Expressing concern over the increasingly amplified voice of Holocaust deniers, US President Joe Biden on Wednesday stressed the importance of passing down the lessons of the Nazi-perpetrated genocide to future generations, in a statement marking International Holocaust Remembrance Day.

“We must pass the history of the Holocaust on to our grandchildren and their grandchildren in order to keep real the promise of ‘never again,’ Biden said in the statement released by the White House. “That is how we prevent future genocides. Remembering the victims, heroes, and lessons of the Holocaust is particularly important today as Holocaust deniers and minimizers are growing louder in our public discourse.”

Demonstrating how he himself has worked to pass on the lessons of the Holocaust, Biden recalled taking his children to visit a concentration camp in Germany, adding that he plans to do the same with his grandchildren.

Biden highlighted the 2017 march in Charlottesville, Virginia where “white nationalists and neo-Nazis spewing the same anti-Semitic bile we heard in the 1930s in Europe” and how the harrowing scenes were ultimately what drove him to run for president.

“The Holocaust was no accident of history. It occurred because too many governments cold-bloodedly adopted and implemented hate-fueled laws, policies, and practices to vilify and dehumanize entire groups of people, and too many individuals stood by silently,” the president said.

Vice President Joe Biden Biden is introduced by holocaust survivor Nesse Godin as he arrives to address the Jewish Federations of North America General Assembly at the Gaylord National Harbor Convention Center in Oxon Hill, Md., Nov. 10, 2014. (AP Photo/J. Scott Applewhite)

He stressed the importance of combating the “resurgent tide of anti-Semitism, and other forms of bigotry and intolerance, here at home and around the world.”

Biden also pledged to be a “champion of justice for Holocaust survivors and their heirs.”

Quoting his late friend, Holocaust survivor Tom Lantos, Biden said, “The veneer of civilization is paper-thin. We are its guardians, and we can never rest.”

Unlike his predecessor Donald Trump, whose first statement marking International Holocaust Remembrance Day failed to explicitly mention Jews, Biden highlighted the religious group right off the bat.

“Today, we join together with people from nations around the world to commemorate International Holocaust Remembrance Day by remembering the 6 million Jews, as well as the Roma and Sinti, Slavs, disabled persons, LGBTQ+ individuals, and many others, who were murdered by the Nazis and their collaborators during the Shoah,” he said.
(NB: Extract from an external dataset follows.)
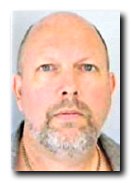 Offender Paul Michael Iannotti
New US Secretary of State Antony Blinken also issued a message marking Holocaust Remembrance Day. Blinken is Jewish and is the stepson of a Holocaust survivor.

“My stepfather was just a boy when he lost his entire family to the Nazis. He spent nearly four years in labor and death camps before he managed to escape and was later rescued by American troops,” Blinken said. “The story made a great impression on me. It taught me that evil on a grand scale can and does happen in our world and that we have a responsibility to do everything we can to stop it.”